To the editor:
Here are a few lessons to be learned from Town Meeting’s May 7 convening.
(1) The moderator has the right, power and duty to regulate or control the meeting so that the public’s business can be conducted in an orderly and respectful manner. Persons who are disorderly should be given one warning and if their disruptive behavior persists, the moderator has the legal right and power to order a constable to remove and confine the offender until town meeting is over. For “confine,” read the word “jail.” As Tuesday night’s meeting devolved into chaos, the moderator could and should have taken forceful action to control it. His failure to do so only threw fuel on the fire.
(2) Disorderly behavior includes continuing to speak or shout after the moderator has asked the speaker to conclude remarks; shouting from the audience when another speaker or the moderator is speaking; disobeying the moderator’s instructions to be silent or to conclude remarks at the microphone so that the meeting may continue and so that others may speak; and, most especially, assaulting the people on the stage and damaging and destroying public property.
(3) One person, in particular, could and should have been arrested. That person interrupted the procedure, grabbed and removed a microphone from its stand (so that other speakers could not use it), paraded to the front of the room, harangued the moderator, and then when retreating turned and, facing the people on the stage and threw the microphone at them. That offense consists of, among other things, assault and destruction of public property. Question for the moderator and the town’s Select Board: What are you going to do about this? Will you, or have you filed a complaint against this offender? If not, why not? If you permit this to go unpunished, you will be writing a blank check for more in the future.
(4) Our democratic bodies operate under rules we call parliamentary procedure. Town Meeting members are charged with knowing the rules that govern their meeting. There is a rule that permits a member to move for reconsideration after an article has been voted. Anyone who leaves Town Meeting before it is adjourned does so at his or her own peril. There is no excuse for resorting to near-mob violence because a particular faction of the meeting might be unaware of the rule. Here again, the moderator had the right, the power and the duty to intervene and restore order to his meeting.

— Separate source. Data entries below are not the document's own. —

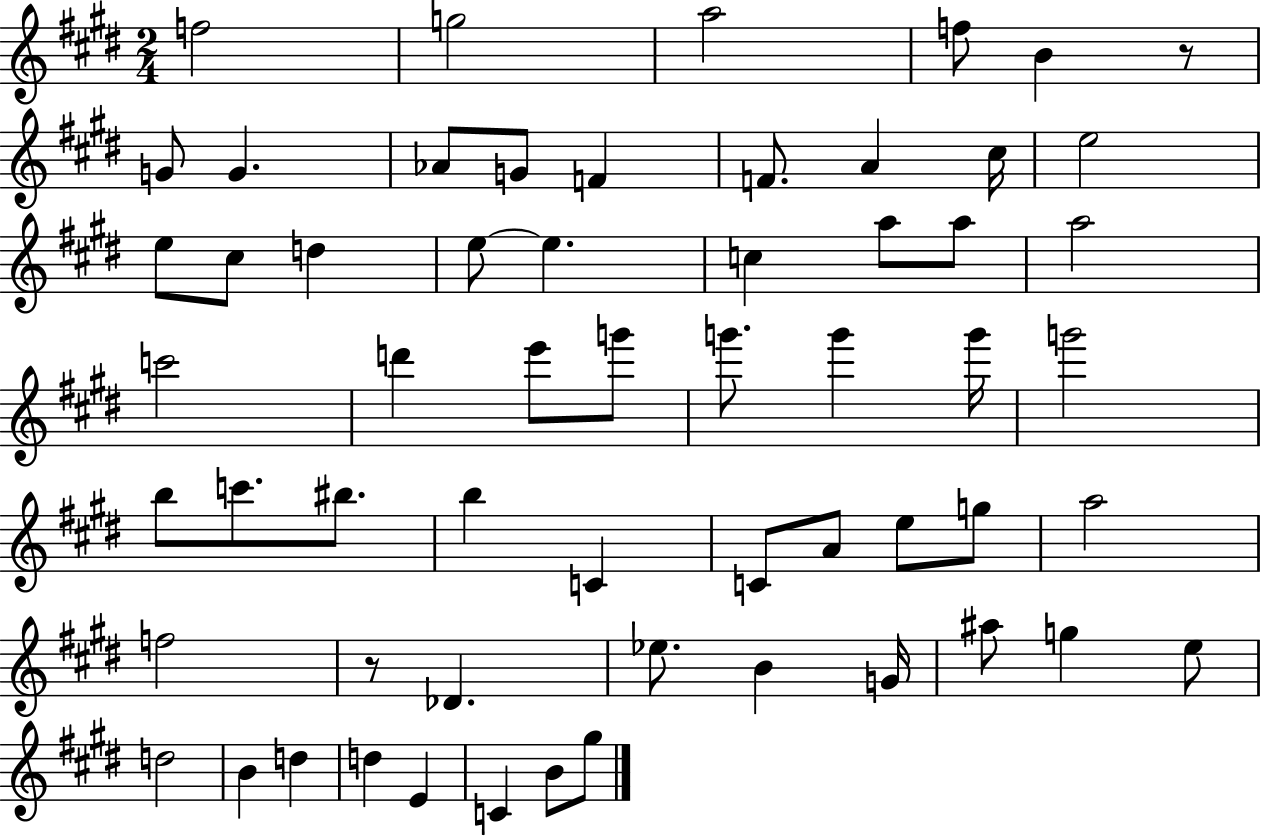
F5/h G5/h A5/h F5/e B4/q R/e G4/e G4/q. Ab4/e G4/e F4/q F4/e. A4/q C#5/s E5/h E5/e C#5/e D5/q E5/e E5/q. C5/q A5/e A5/e A5/h C6/h D6/q E6/e G6/e G6/e. G6/q G6/s G6/h B5/e C6/e. BIS5/e. B5/q C4/q C4/e A4/e E5/e G5/e A5/h F5/h R/e Db4/q. Eb5/e. B4/q G4/s A#5/e G5/q E5/e D5/h B4/q D5/q D5/q E4/q C4/q B4/e G#5/e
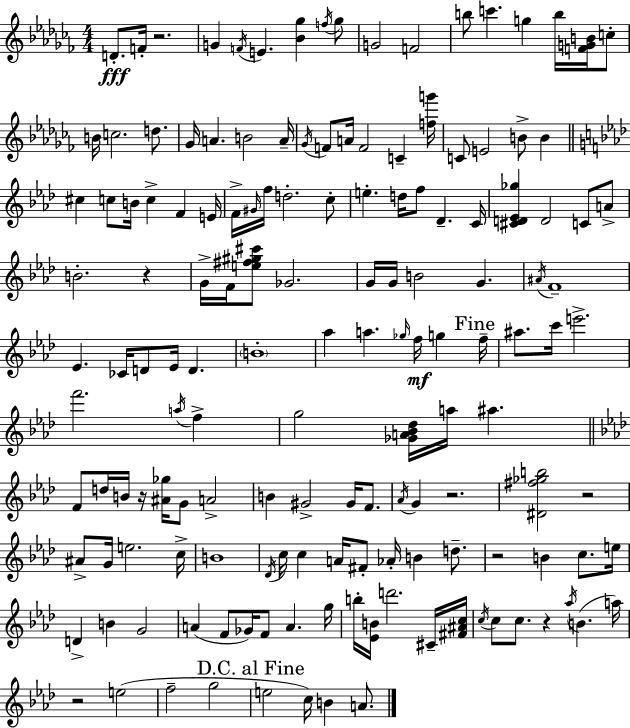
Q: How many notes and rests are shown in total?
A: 150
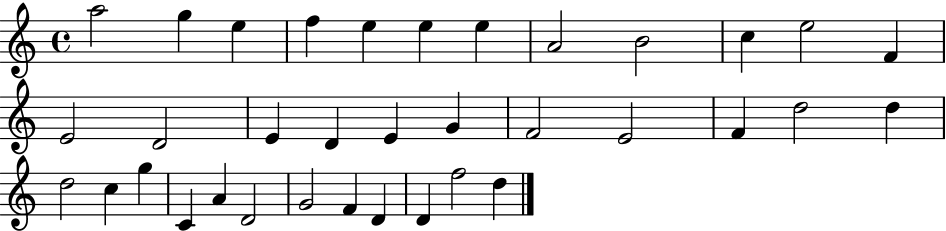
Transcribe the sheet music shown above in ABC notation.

X:1
T:Untitled
M:4/4
L:1/4
K:C
a2 g e f e e e A2 B2 c e2 F E2 D2 E D E G F2 E2 F d2 d d2 c g C A D2 G2 F D D f2 d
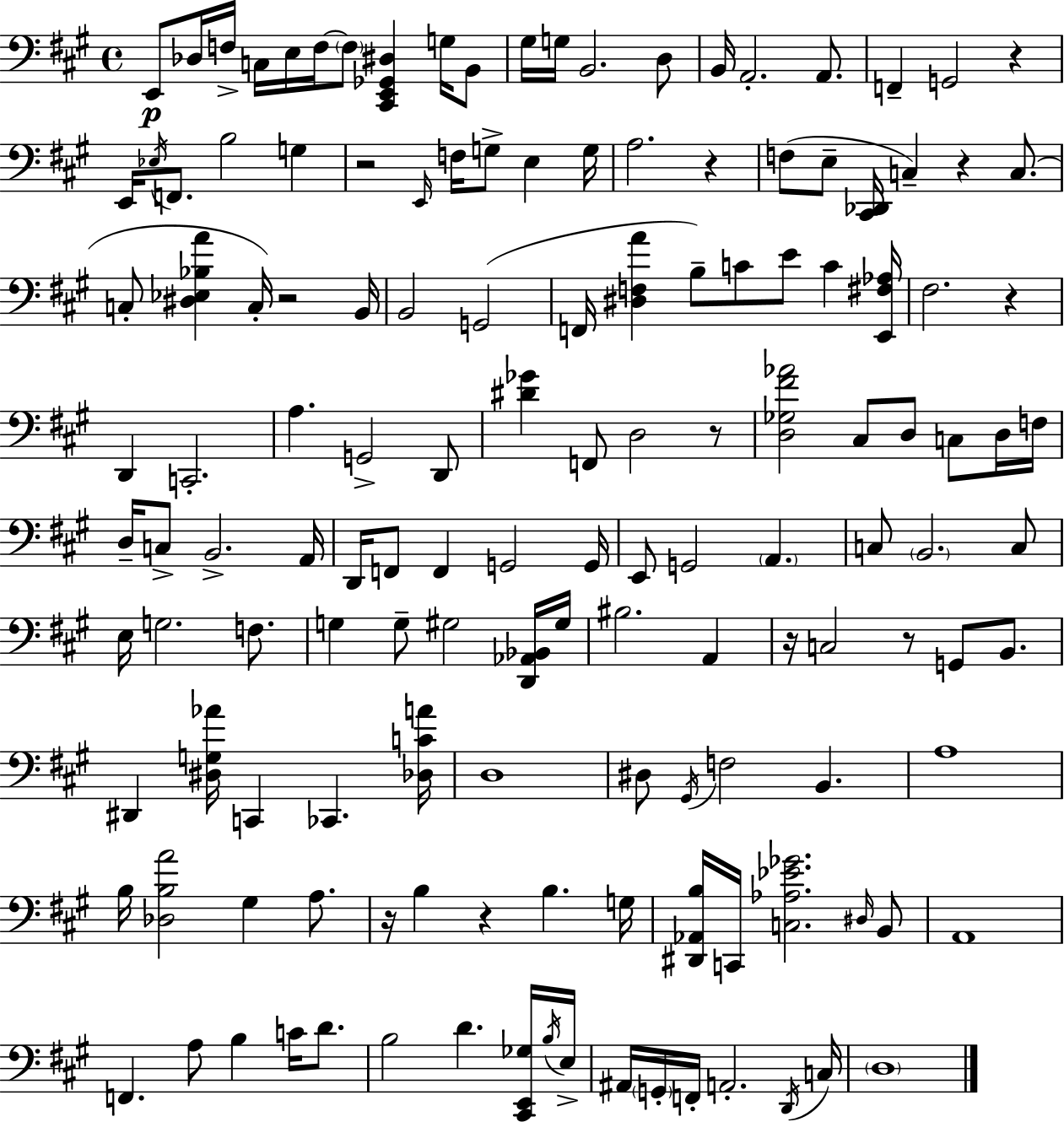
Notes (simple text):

E2/e Db3/s F3/s C3/s E3/s F3/s F3/e [C#2,E2,Gb2,D#3]/q G3/s B2/e G#3/s G3/s B2/h. D3/e B2/s A2/h. A2/e. F2/q G2/h R/q E2/s Eb3/s F2/e. B3/h G3/q R/h E2/s F3/s G3/e E3/q G3/s A3/h. R/q F3/e E3/e [C#2,Db2]/s C3/q R/q C3/e. C3/e [D#3,Eb3,Bb3,A4]/q C3/s R/h B2/s B2/h G2/h F2/s [D#3,F3,A4]/q B3/e C4/e E4/e C4/q [E2,F#3,Ab3]/s F#3/h. R/q D2/q C2/h. A3/q. G2/h D2/e [D#4,Gb4]/q F2/e D3/h R/e [D3,Gb3,F#4,Ab4]/h C#3/e D3/e C3/e D3/s F3/s D3/s C3/e B2/h. A2/s D2/s F2/e F2/q G2/h G2/s E2/e G2/h A2/q. C3/e B2/h. C3/e E3/s G3/h. F3/e. G3/q G3/e G#3/h [D2,Ab2,Bb2]/s G#3/s BIS3/h. A2/q R/s C3/h R/e G2/e B2/e. D#2/q [D#3,G3,Ab4]/s C2/q CES2/q. [Db3,C4,A4]/s D3/w D#3/e G#2/s F3/h B2/q. A3/w B3/s [Db3,B3,A4]/h G#3/q A3/e. R/s B3/q R/q B3/q. G3/s [D#2,Ab2,B3]/s C2/s [C3,Ab3,Eb4,Gb4]/h. D#3/s B2/e A2/w F2/q. A3/e B3/q C4/s D4/e. B3/h D4/q. [C#2,E2,Gb3]/s B3/s E3/s A#2/s G2/s F2/s A2/h. D2/s C3/s D3/w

And finally, last night, Gen. John Glover’s name was repeatedly invoked for all the wrong reasons. The main complaint of Glover and the other founders whose names were similarly invoked (including Thomas Jefferson) against British rule was that laws were being imposed upon colonists by a king and his ministers without the vote of a popularly elected legislature where the colonists were allowed to elect their own representatives. Regardless of whether Chapter 40A is good or bad, right or wrong, it came from a popularly elected legislature where we have a right to elect our representatives. That is what Glover and Jefferson were FOR, not against. The suggestion that Thomas Jefferson, John Glover and other sundry founders were “rolling over in their graves” in response to the proposal for a local zoning bylaw in Marblehead was, in addition to being slightly ridiculous, a monumental miscarriage of history.
Our town can do better than last night. Our moderator can do better than last night. We can all do better than last night. It is upon all of us and our leaders to ensure that we do so, and that the conduct that despoiled last night’s meeting and disgraced our town’s proud history will never again be tolerated.